I've been reading Kittel's book on Solid state physics and while it's been mostly smooth sailing, the abrupt loss of rigour in places in unsettling. In particular, the bits about scattering seem to be just thrown in here and there without any rigourous mathematical treatment at all. He talks about electron-phonon , phonon-phonon, and x ray - phonon scattering processes. What exactly are the mechanisms behind these processes. How and why does this kind of scattering occur. Further, how does phonon and electron scattering off a lattice imperfection occur? Surely, there must be some kind of theory behind scattering which makes all this rigourous. Secondly, he says that phonon-phonon scattering processes can only occur by an anharmonic interaction. I'm not sure if i've understood this. What exactly does this mean ? An lastly, Umklapp scattering. I get how the mathematics behind the whole things works out, but if you're claiming that momentum isn't conserved in a certain process, shouldn't you identify the force in play that makes it happen? Shouldn't there be some kind of 'recoil' or 'force' associated with the addition of a reciprocal lattice vector G. The book i'm using doesn't identify any such 'force' or 'recoil'. Thanks for all the help. Greatly appreciated. :)
No. I haven't. I've heard it's a much better treatment of the subject though. Would you recommend it highly ?
For Umklapp scattering, the assumption is usually that the "missing" momentum is transferred onto the crystal as a whole. For an (near) infinite crystal the mass is (near) infinite, such that the recoil velocity is (near) zero, and also the kinetic energy transferred to the crystal as a whole is (near) zero (p^2/2m).
But then wouldn't enough of these phonon-phonon U-processes cause the crystal as a whole to recoil with an appreciable velocity? Or an appreciable increase in the kinetic energy of the crystal.

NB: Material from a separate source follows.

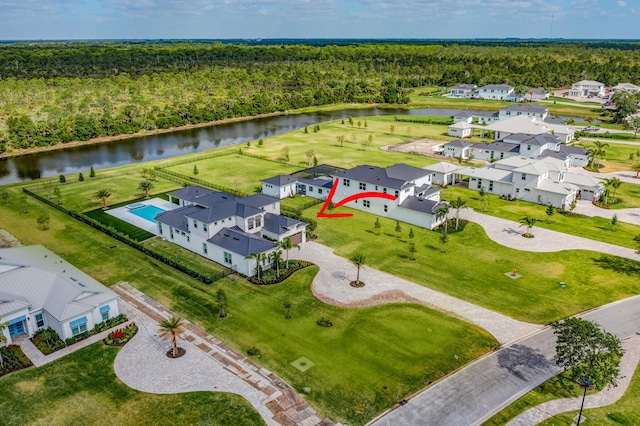 birds eye view of property featuring a residential view, a water view, and a forest view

I also recommend very much Ashcroft and Mermin. A phonon is an eigenstate of the harmonic part of the hamiltonian, thus phonon phonon scattering must be due to anharmonic terms. You can check this expanding e.g. a Q^3 term in terms of phonon creation and anihiliation operators. Concerning Umklapp scattering, true momentum is conserved in these processes and is taken up by the crystal, however, for an infinitely large crystal, the change in energy is negligible. On the other hand, crystal momentum isn't conserved, but it is a completely different quality than true momentum.